Anyone know if it's possible to wake up a USB battery pack that has gone to sleep?
I'm using a battery pack to power a blinker circuit, but the pack goes to sleep like right away. I was hoping that the blinker circuit drawing power would be enough to wake it up, but apparently not.
Most of what I'm finding when I search for this are ways to keep the battery awake all the time (for powering low-power circuits), but I really just want to wake it up when I'm actively using the blinkers, and let it sleep otherwise.
@tomnardi What does that mean to trigger a load, though? The blinkers themselves draw current, so if all that is required is to have a circuit that would draw power, they should be waking up the device.
If I understand what the 555 circuit is doing correctly, I think it's keeping the battery pack awake — which is a much easier task, because the battery pack is active and you just need to draw enough current for it to not go to sleep.

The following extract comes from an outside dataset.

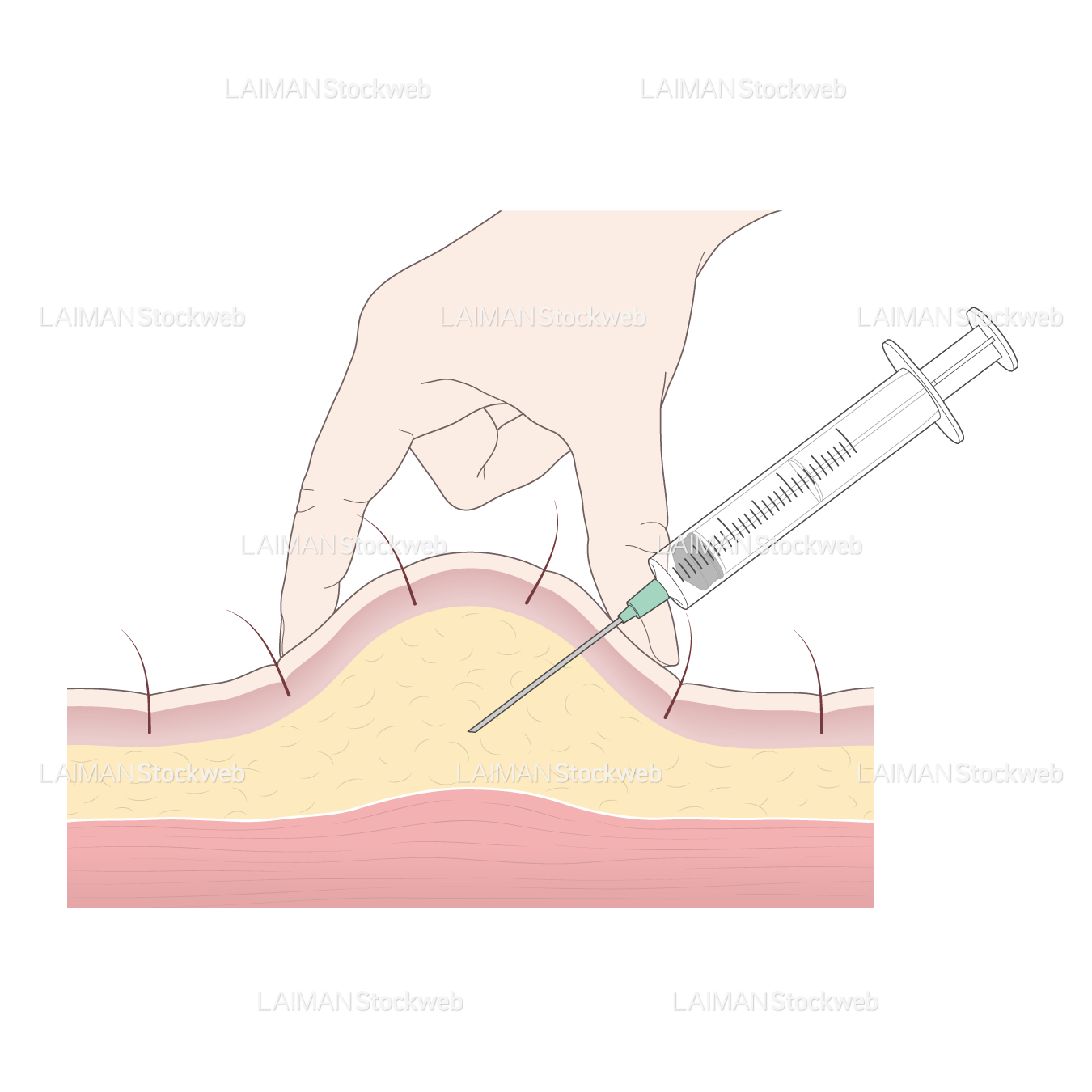 皮下注射（皮膚の厚いところ）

@tomnardi I think I figured out why my blinkers weren't waking it up — there's a step-up transformer between the USB output and the blinker switch, and I think the step-up needs to have enough power to run it before the input impedance depends on the impedance across the outputs.

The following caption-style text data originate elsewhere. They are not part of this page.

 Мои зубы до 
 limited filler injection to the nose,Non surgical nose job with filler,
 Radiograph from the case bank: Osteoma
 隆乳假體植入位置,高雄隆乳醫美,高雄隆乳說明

I think if the blinkers ran on 5.5V natively this would be no problem.
The solutions I see to this are:
1. Use a DPDT switch instead of the SPDT switch that's in there now, and with the second pole connected to a resistor across the 5.5V outputs. I don't mind pulling an extra 50mA or whatever for the time the blinker is on, but if you want to get fancy you can probably have this connected to a simple circuit that spikes the impedance when first turned on, then turns off.
2. Add a battery or capacitor to the input of the step-up that is sufficient to power the circuit when the battery pack is off, and where the quiescent current of the step-up would take 3-7 days to discharge the cap. That way any time you turn on the blinker, the circuit draws current and the battery pack wakes up (and recharges the capacitor).
I'm probably going to look for another solution that involves either pulling power from the bike itself or adding a drill battery or something, but I think the capacitor thing would probably work if I was really married to the battery pack solution.
@pganssle
Just like the 555 circuit, the MCU would need to trigger a load large enough for the pack to see as a new device being connected. The docs for that particular project say ~130 mA is enough to do it, but you'd probably need to experiment a bit.
Whatever the value is, a MOSFET shorting a couple of resistors across the power line should get the desired result. But again, this action would need to be powered by something like a supercap or small internal battery.